Oscar 2002. Whoopi Goldberg apresentava a cerimônia e ia encaixando aqui e ali suas piadinhas. Numa dessas, Goldberg solta: “Eu entendo tudo! A única coisa que eu não consegui entender foi ‘Mulholland Drive’. Era para entender?”, risos gerais da platéia. A pergunta em questão era direcionada para David Lynch, responsável pelo filme e, ali, concorrendo ao Oscar de Melhor Diretor.

David Lynch é, com toda certeza, o diretor mais estranho a andar pelos estúdios de Hollywood pois tem fascínio por histórias que beiram o bizarro, mas, vez por outra, esbarra no cinema humanista (“História Real”, 1999), no tocante (“O Homem Elefante”, 1980) e no suspense (o primoroso “Veludo Azul”, de 1986, e a série “Twin Peaks”, 1990/1991).

“Mulholland Drive”, seu novo longa (no Brasil, “Cidade dos Sonhos”) é uma mistura de tudo isso. É cinema humanista (quer coisa mais humana que filmar o amor?), tocante (“Crying”, imortalizada na voz do destruidor de corações Roy Orbison, ganha uma dolorida versão em espanhol) e suspense dos bons. Tudo isso batido no liquidificador e jogado na tela sem ordem aparente, com várias pequenas dicas que, ao final, parecem não levar a nada, beirando o estranho e abrindo margens para mil e um entendimentos.

Resumo? Hummm, o próprio Lynch diz que é uma história de amor na cidade dos sonhos. Mas, verifico, amor e sonho se confundem a todo o momento, principalmente na cabeça dos apaixonados. Não é sempre assim?

“Cidade dos Sonhos” começa com um acidente na auto-estrada (uma estrada perdida?) que Michael Stipe canta em “Electrolite”, faixa derradeira de “New Adventures in Hi-fi”, do R.E.M.: a Mulholland Drive.

O violento acidente de carro, por mais bizarro que pareça, salva a vida de uma garota (a bela Laura Harring), morena, linda, que se perde pelas ruas da cidade até encontrar uma casa, para dormir. O acidente afeta a memória da garota que, simplesmente não lembra quem é e nem porque carrega uma pequena fortuna dentro da bolsa. Para não parecer maluca, ela decide assumir o nome de Rita (após ver um pôster de “Gilda” com Rita Hayworth na parede). E é assim que ela se apresenta a Betty (Naomi Watts), sobrinha da dona da casa que foi invadida por Rita, em sua busca por um lugar para descansar após o acidente. Betty acaba de chegar a Los Angeles, a Cidade dos Sonhos, e chega com todos os sonhos que levam aspirantes a atrizes à capital do cinema mundial.

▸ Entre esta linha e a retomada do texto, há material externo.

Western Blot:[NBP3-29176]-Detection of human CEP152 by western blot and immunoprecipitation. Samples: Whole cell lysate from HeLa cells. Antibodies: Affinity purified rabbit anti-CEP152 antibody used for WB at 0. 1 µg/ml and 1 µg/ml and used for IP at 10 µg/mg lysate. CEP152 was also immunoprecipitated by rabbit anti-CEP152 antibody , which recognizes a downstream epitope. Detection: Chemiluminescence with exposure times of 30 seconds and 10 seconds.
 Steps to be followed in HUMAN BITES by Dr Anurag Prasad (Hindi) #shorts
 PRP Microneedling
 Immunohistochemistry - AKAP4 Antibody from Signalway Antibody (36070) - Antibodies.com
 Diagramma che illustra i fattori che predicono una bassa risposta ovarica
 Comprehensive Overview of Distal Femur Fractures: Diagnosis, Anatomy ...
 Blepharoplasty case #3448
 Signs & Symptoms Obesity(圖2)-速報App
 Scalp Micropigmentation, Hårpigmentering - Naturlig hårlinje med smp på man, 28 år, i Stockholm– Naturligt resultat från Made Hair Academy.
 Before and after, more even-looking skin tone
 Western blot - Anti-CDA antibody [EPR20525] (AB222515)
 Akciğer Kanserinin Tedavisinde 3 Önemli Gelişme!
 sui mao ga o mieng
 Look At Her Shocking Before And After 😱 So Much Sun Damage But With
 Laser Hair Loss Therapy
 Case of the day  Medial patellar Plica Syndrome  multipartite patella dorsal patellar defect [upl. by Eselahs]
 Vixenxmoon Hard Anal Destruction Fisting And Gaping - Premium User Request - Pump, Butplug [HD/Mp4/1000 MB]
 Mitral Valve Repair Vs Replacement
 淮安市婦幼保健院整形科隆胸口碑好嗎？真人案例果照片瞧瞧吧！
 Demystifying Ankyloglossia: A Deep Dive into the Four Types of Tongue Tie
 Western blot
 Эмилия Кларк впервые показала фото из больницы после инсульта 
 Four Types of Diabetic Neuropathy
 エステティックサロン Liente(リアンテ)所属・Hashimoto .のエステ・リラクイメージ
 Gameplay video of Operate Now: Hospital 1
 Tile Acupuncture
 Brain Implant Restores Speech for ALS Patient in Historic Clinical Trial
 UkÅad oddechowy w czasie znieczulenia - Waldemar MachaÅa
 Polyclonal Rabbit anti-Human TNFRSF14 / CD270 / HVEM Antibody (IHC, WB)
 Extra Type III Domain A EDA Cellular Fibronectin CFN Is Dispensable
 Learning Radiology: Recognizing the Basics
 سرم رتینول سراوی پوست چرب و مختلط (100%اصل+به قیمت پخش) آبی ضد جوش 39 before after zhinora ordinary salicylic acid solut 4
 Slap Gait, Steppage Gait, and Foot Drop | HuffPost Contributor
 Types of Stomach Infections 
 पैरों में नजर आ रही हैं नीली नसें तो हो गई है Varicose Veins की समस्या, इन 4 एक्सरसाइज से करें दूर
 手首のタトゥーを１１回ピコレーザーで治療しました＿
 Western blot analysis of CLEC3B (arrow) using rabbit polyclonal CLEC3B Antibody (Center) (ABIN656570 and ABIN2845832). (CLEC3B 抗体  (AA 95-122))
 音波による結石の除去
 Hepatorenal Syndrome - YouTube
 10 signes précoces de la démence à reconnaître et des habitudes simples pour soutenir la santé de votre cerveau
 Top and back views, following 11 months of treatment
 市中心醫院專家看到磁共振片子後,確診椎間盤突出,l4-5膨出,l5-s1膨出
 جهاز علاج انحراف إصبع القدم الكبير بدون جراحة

Betty acaba tornando-se amiga de Rita e procura auxiliá-la em sua busca pela memória perdida. Tudo nos trilhos até aqui, certo? Possivelmente errado. Toda primeira hora da trama surge, aparentemente, como um sonho. Na hora final, após sermos apresentados a um diretor de cinema em fase de testes para seu novo filme e que se vê obrigado, pela máfia, a ceder o papel principal para um atriz indicada pelos mafiosos, a um cowboy e uma misteriosa caixinha azul, a um restaurante e cinzeiros, anões, monstros, copos e um teatro chamado “Silêncio” (em espanhol mesmo), tudo parece inversamente o que era, em uma obra que traduz a dualidade confundível do real/irreal (aqui, amparada na beleza de duas mulheres: uma loira e uma morena).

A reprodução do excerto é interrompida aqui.